Exercise objective =
Where the line containing "Rug Hooking Strips" appears, end the copy there, keeping that line; start from the first line of the entries, copy exactly, and omit pictures.

Saved entries =
*** Begin section ***
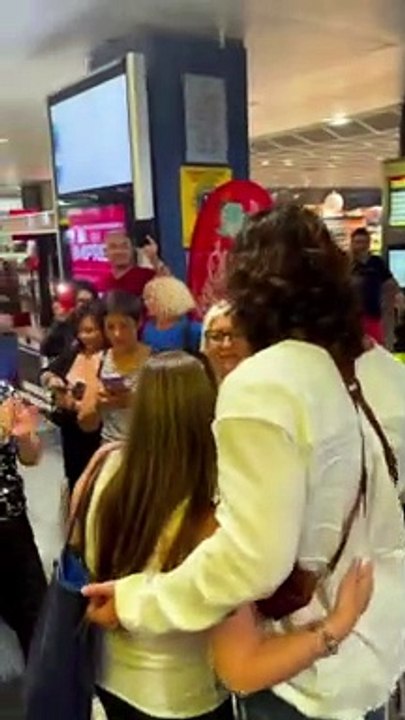 CAN YAMAN MOBBED BY FANS AT AIRPORT: ACTOR IN SARDINIA FOR FILMING ITALY SARDINIA FESTIVAL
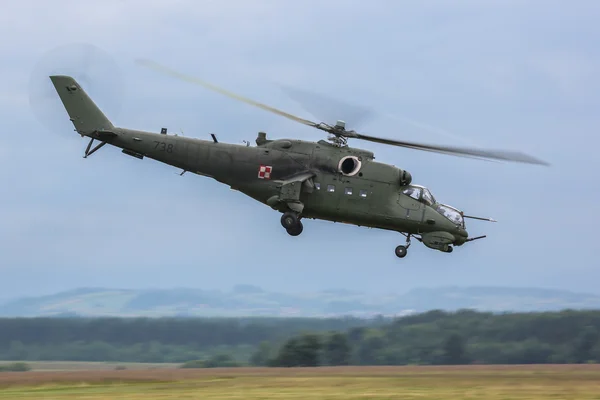 Mi-24 hind i nowy targ — Stockfoto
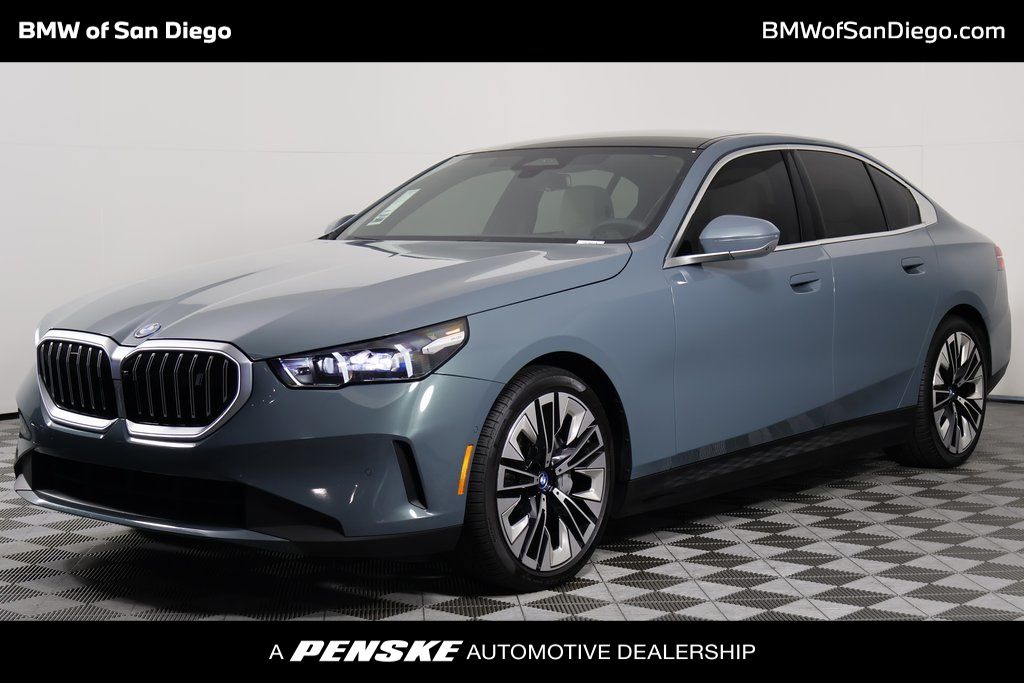 Thumbnail: 2024 BMW i5 - 1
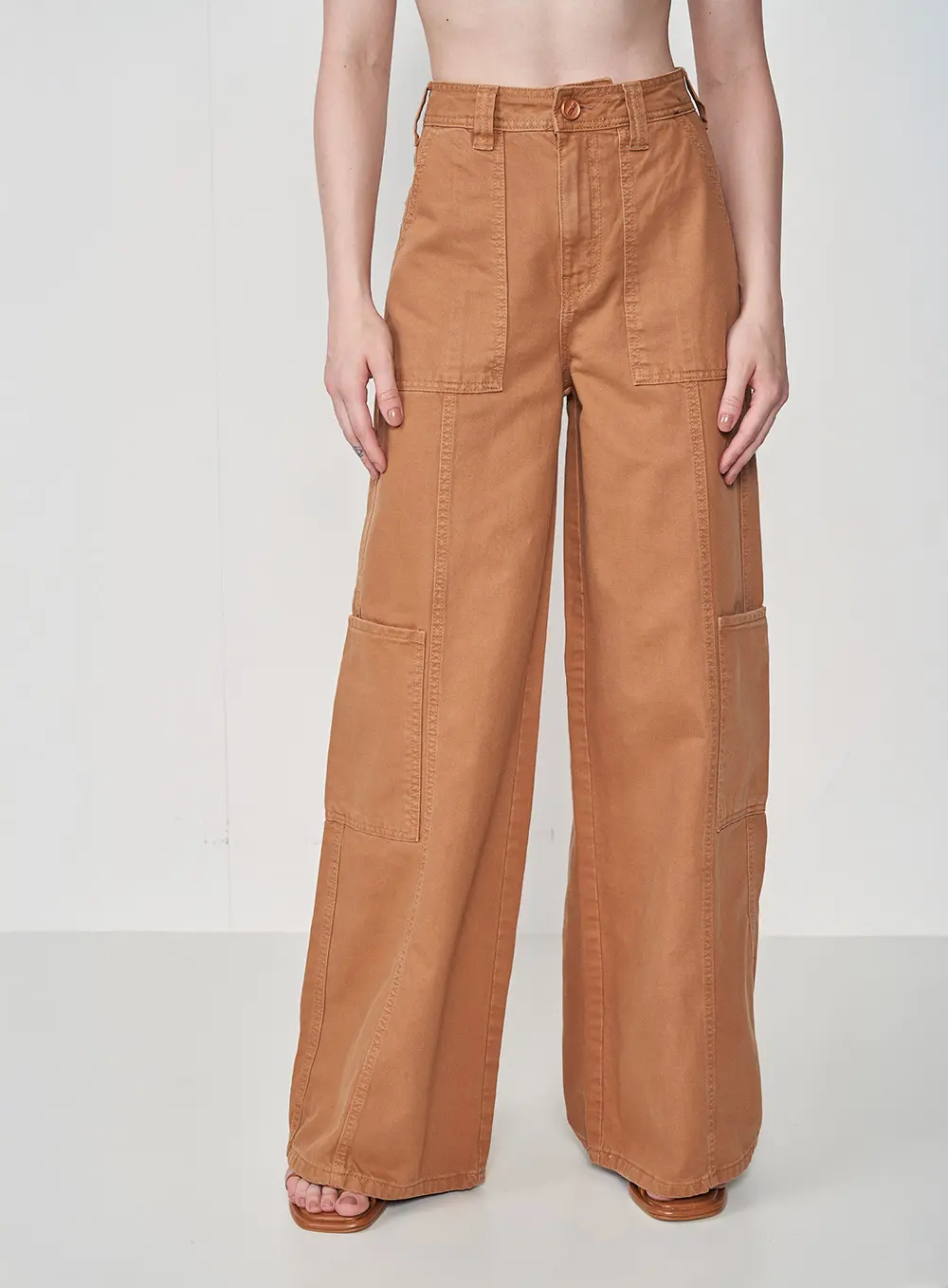 Calça Sarja Pantalona Marrom Delle 1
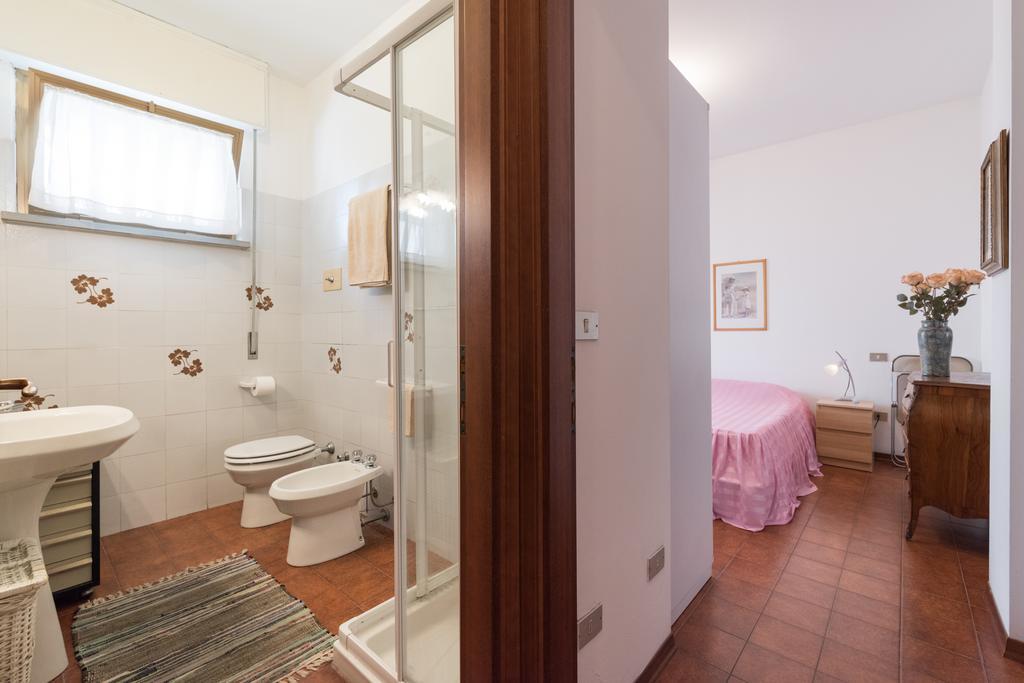 Comfort Beach House Marina di Massa Kültér fotó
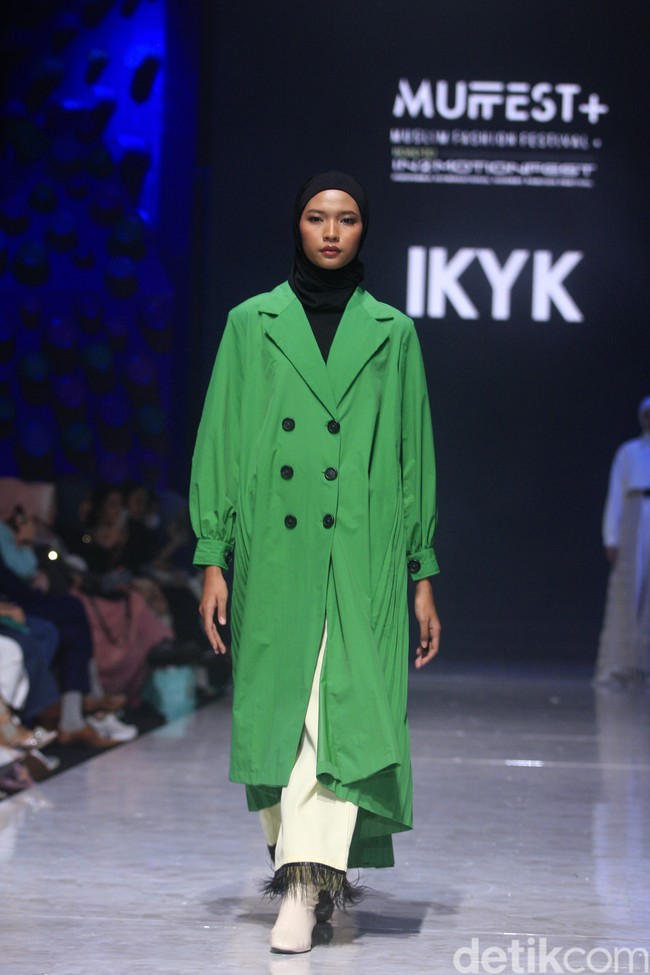 Inilah koleksi Artkea Stripes & IKYK di Muslim Fashion Festival 2023. Foto: Mohammad Abduh/Wolipop.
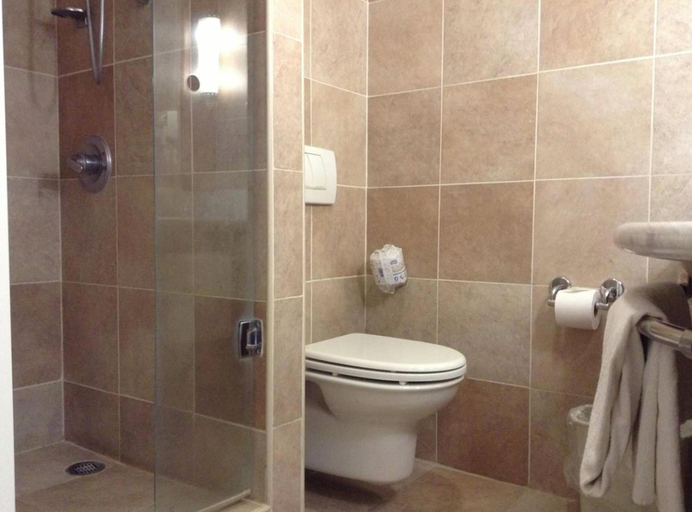 Bathroom 4, ibis México Alameda, Mexico City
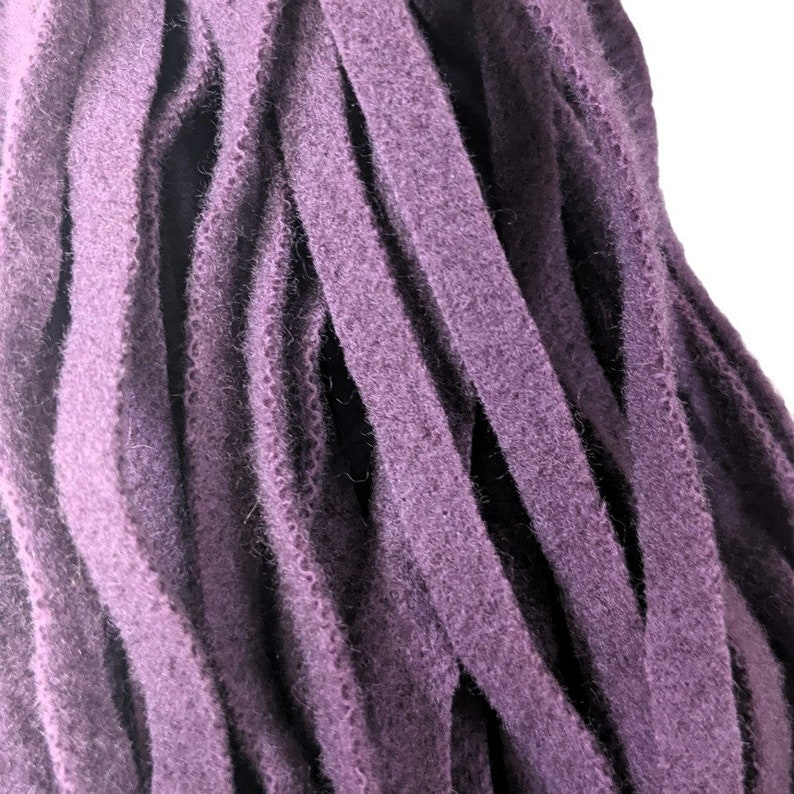 Rug Hooking Strips MEDIUM PLUM #8 Cut 50 Ct. 18" Long #322 Dorr Mill ...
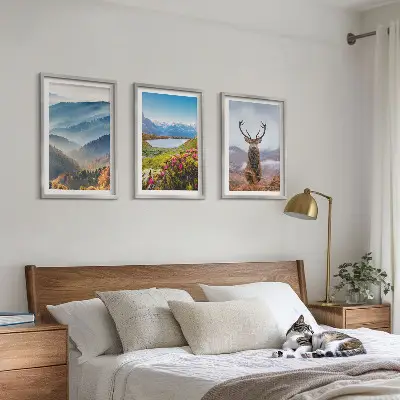Set de 3 cuadros para salón naturaleza con ciervos en un lago de montaña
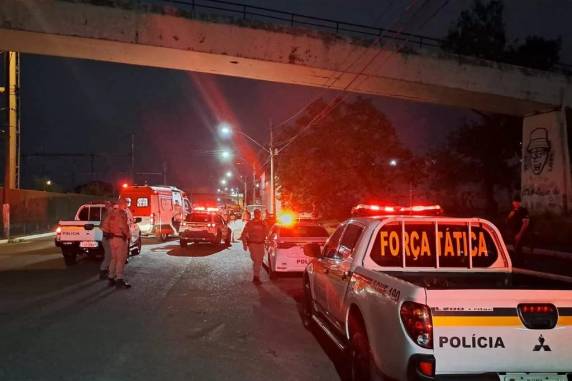 Um homem também ficou ferido; caso aconteceu por volta das 4h na Avenida Victor Barreto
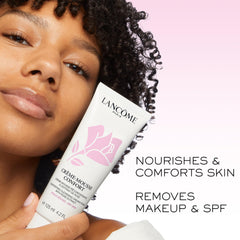 Lancôme Crème Mousse Confort removing makeup with gentle cleanse
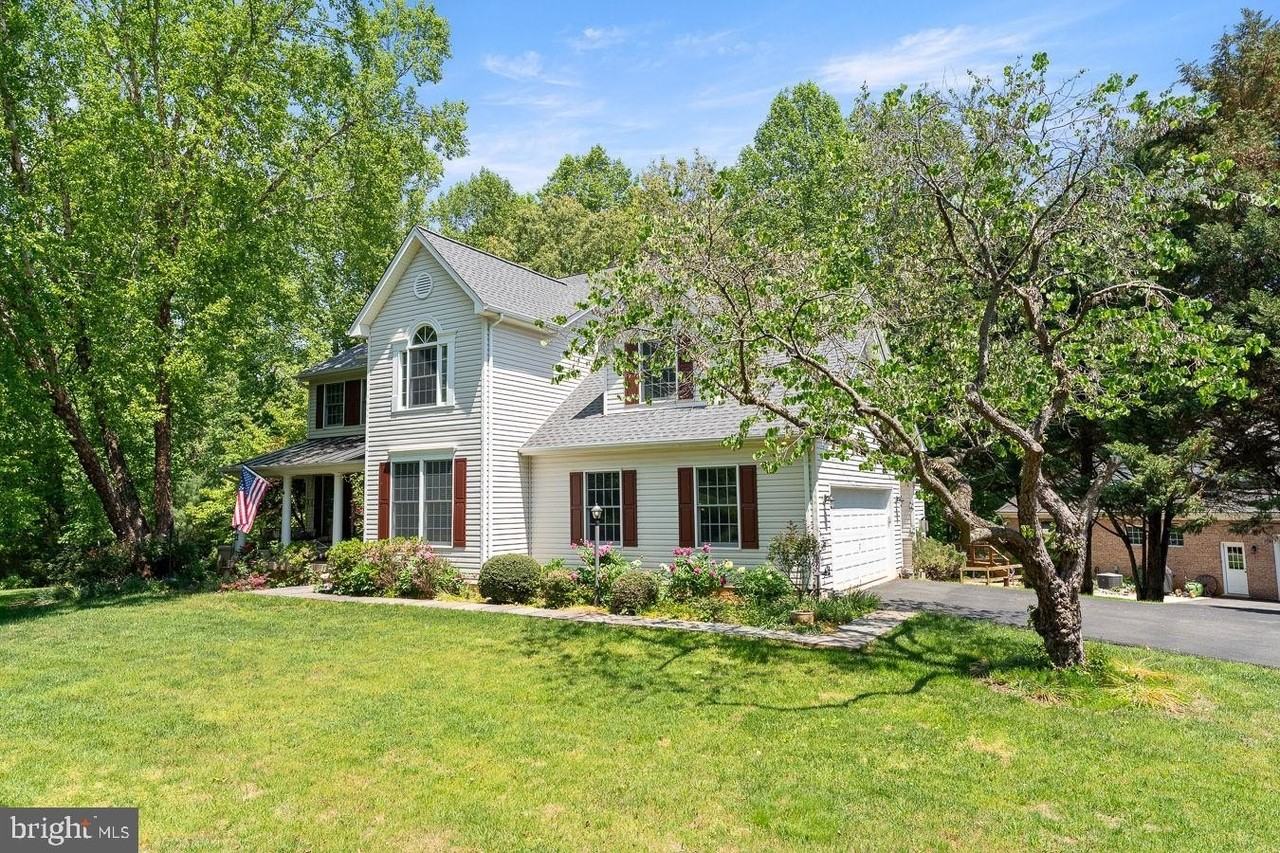 17277 Kettlebrook Lndg - Photo 2 of 50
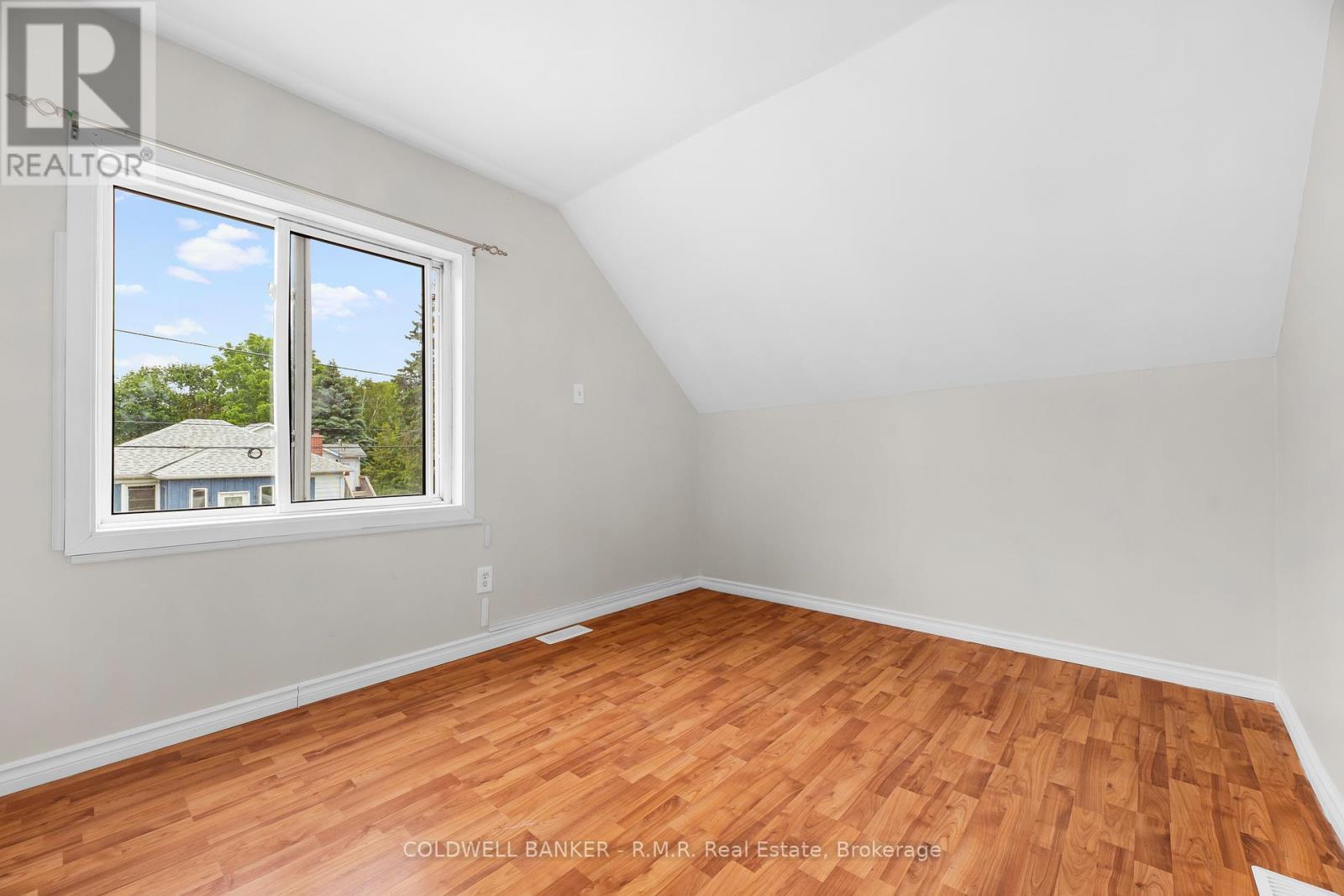 371 JOHN STREET - 6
*** End section ***
Answer section =
 CAN YAMAN MOBBED BY FANS AT AIRPORT: ACTOR IN SARDINIA FOR FILMING ITALY SARDINIA FESTIVAL
 Mi-24 hind i nowy targ — Stockfoto
 Thumbnail: 2024 BMW i5 - 1
 Calça Sarja Pantalona Marrom Delle 1
 Comfort Beach House Marina di Massa Kültér fotó
 Inilah koleksi Artkea Stripes & IKYK di Muslim Fashion Festival 2023. Foto: Mohammad Abduh/Wolipop.
 Bathroom 4, ibis México Alameda, Mexico City
 Rug Hooking Strips MEDIUM PLUM #8 Cut 50 Ct. 18" Long #322 Dorr Mill ...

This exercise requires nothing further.